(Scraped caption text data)
--
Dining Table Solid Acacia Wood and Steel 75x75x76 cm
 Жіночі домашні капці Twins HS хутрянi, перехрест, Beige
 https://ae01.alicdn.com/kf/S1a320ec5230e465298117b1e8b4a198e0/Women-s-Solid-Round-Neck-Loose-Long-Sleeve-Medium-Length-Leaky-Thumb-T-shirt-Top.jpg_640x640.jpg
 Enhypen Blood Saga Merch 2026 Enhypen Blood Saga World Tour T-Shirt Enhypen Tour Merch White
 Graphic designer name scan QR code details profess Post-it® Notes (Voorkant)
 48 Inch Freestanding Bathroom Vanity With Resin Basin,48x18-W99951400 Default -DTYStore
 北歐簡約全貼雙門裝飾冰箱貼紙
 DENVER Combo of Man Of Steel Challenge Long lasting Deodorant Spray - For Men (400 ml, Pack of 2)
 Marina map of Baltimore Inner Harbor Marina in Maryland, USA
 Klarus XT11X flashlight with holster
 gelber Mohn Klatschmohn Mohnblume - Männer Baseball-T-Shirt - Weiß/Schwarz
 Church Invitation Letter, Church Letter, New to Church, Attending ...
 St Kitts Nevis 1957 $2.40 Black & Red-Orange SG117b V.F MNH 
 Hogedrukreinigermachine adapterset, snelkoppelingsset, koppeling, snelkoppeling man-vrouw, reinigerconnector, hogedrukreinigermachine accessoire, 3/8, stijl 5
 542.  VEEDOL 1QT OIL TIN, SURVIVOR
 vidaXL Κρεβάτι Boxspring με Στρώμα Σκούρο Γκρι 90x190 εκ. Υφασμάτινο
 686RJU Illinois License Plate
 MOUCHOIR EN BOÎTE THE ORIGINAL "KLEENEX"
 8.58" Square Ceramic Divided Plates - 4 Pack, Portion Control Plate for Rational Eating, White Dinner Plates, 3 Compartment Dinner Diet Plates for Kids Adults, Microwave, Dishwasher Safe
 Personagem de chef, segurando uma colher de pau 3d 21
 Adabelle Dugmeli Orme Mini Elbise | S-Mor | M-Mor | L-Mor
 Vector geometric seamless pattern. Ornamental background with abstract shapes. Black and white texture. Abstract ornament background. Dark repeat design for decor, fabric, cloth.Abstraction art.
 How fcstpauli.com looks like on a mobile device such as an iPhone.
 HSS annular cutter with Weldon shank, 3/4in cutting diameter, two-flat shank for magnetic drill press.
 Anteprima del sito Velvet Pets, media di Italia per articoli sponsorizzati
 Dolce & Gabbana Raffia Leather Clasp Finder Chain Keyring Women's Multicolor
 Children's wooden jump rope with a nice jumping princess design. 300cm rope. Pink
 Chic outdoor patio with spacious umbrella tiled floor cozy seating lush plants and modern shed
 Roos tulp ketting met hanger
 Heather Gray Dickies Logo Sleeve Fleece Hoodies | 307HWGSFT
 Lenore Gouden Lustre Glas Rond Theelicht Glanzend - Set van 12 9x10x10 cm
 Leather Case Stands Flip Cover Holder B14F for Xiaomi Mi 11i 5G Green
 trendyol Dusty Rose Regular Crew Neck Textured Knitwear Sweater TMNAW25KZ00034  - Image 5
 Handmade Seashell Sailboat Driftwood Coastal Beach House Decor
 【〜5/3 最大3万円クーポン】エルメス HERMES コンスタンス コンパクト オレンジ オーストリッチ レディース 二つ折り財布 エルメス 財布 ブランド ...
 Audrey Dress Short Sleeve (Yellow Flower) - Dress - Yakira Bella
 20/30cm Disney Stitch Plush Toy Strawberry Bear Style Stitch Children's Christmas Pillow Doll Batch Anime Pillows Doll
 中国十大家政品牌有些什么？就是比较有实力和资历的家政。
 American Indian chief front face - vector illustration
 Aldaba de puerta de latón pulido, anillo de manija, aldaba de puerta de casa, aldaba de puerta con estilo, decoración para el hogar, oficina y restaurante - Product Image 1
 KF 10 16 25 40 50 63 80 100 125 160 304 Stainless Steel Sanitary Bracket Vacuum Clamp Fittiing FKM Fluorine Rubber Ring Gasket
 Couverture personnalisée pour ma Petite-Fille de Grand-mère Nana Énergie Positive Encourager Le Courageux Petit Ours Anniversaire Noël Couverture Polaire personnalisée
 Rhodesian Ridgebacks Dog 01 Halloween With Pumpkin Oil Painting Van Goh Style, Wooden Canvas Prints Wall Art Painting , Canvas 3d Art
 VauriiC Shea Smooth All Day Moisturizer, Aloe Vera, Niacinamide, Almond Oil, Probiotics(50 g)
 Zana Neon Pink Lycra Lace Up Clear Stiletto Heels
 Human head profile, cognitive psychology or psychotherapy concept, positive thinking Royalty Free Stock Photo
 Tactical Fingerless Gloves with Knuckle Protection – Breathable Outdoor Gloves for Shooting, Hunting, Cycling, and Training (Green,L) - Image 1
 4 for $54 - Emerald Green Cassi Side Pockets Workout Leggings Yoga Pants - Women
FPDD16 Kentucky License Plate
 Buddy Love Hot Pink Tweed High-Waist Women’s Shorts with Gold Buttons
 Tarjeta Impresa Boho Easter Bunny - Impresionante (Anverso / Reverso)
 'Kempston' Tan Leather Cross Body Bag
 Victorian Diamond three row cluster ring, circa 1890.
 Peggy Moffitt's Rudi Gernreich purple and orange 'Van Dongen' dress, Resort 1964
--
→ Your instructions
Keeping every character as it is, restate the lines above that run from the line with "Marina map of" through the line with "vidaXL Κρεβάτι Boxspring", both included, and nothing else.

→ Answer below
 Marina map of Baltimore Inner Harbor Marina in Maryland, USA
 Klarus XT11X flashlight with holster
 gelber Mohn Klatschmohn Mohnblume - Männer Baseball-T-Shirt - Weiß/Schwarz
 Church Invitation Letter, Church Letter, New to Church, Attending ...
 St Kitts Nevis 1957 $2.40 Black & Red-Orange SG117b V.F MNH 
 Hogedrukreinigermachine adapterset, snelkoppelingsset, koppeling, snelkoppeling man-vrouw, reinigerconnector, hogedrukreinigermachine accessoire, 3/8, stijl 5
 542.  VEEDOL 1QT OIL TIN, SURVIVOR
 vidaXL Κρεβάτι Boxspring με Στρώμα Σκούρο Γκρι 90x190 εκ. Υφασμάτινο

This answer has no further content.